The technology expert is also convinced that Flow is the company — with its proven aggressiveness in high-capacity broadband offerings — that will lead the transformation of how ordinary Jamaican households are entertained within the next few years.
“Universal access to broadband will change the way we entertain and live,” he says. “People will be able to stay at home and access a whole host of services, including Internet protocol television.
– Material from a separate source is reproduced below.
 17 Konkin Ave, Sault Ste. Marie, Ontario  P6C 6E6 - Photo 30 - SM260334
High capacity is now available to businesses, but once the prices come down it will become available to the household market.”
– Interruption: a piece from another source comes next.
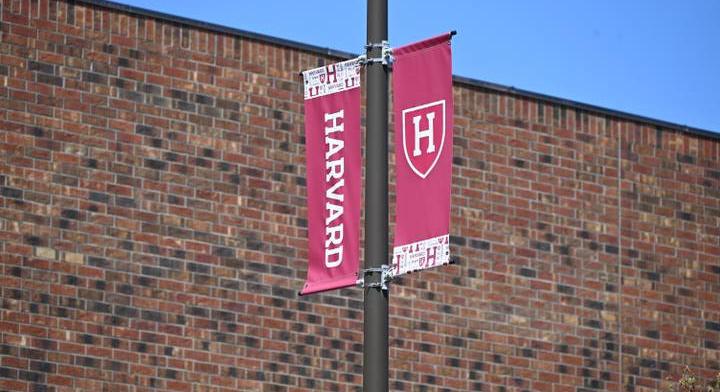 Elképesztő: Trump kitiltotta a külföldieket a Harvardról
An equally ringing endorsement of Flow’s services comes from an unlikely source: a competitor, who also happens to be a client.
“Flow is a competitor to us in the Internet market, but somehow, they have been able to successfully separate their retail from their wholesale line,” says Andrew Pairman, whose firm, Anbell Agencies, offers Internet and a whole host of other services to the public. “This allows us to be a customer and a competitor at the same time.”
Pairman, who buys bandwidth from Flow to support his business, says he is elated that this company invested here.
“We are very pleased that Flow came on the scene,” he says. “Not only do they allow for redundancy with LIME, but their bandwidth is stable and once they came on the market we saw wholesale rates go down by about 40 per cent, also retail Internet rates. They are able to give you pretty much what you want; there is a great deal of flexibility in the system, in that they can turn up the level of the bandwidth.”
Paddick and his team would, with some amount of justification, be tempted to pat themselves on the back to hear other testimonials about how their investment has been reshaping the corporate landscape inside Jamaica.
“Flow is the most reliable Internet service provider in the island,” says Joel Jones, business development manager at a small online brand management and hosting outfit called Blitz Web Design. “We have tried the others, so we know that there is no doubt about that. We have found them to be very reliable in their upload and download speed, and we are constantly doing uploads to our service.”
Jones also gives high marks to Flow “for bringing more competition to the field and for pushing the speed barrier, which is even more valuable than price, which has also fallen. They have changed the market. They have set a new benchmark within the industry.”
With such flattering testimonials coming from within the very core of the industry, one could allow Paddick this small indulgence in self-congratulation:
“Quite frankly, we believe we have levelled the playing field for business operating in Jamaica. The cost of high-quality telecom services is no longer a competitive disadvantage. In fact, compared to many markets in the Caribbean, the telecom products and services now available from Flow, Digicel, Claro, LIME and others, position Jamaican businesses with a distinct competitive advantage.”
When this Canadian investor, his financial backers and senior management team began their SWOT analysis of the Jamaican environment, they would have been encouraged by the opportunities waiting to be unlocked within their target markets.
They would have taken note of the monopoly-controlled undersea cable infrastructure, its technical and capacity limitations, and importantly, the punishing prices that companies operating in Jamaica had to pay to gain access to the global markets.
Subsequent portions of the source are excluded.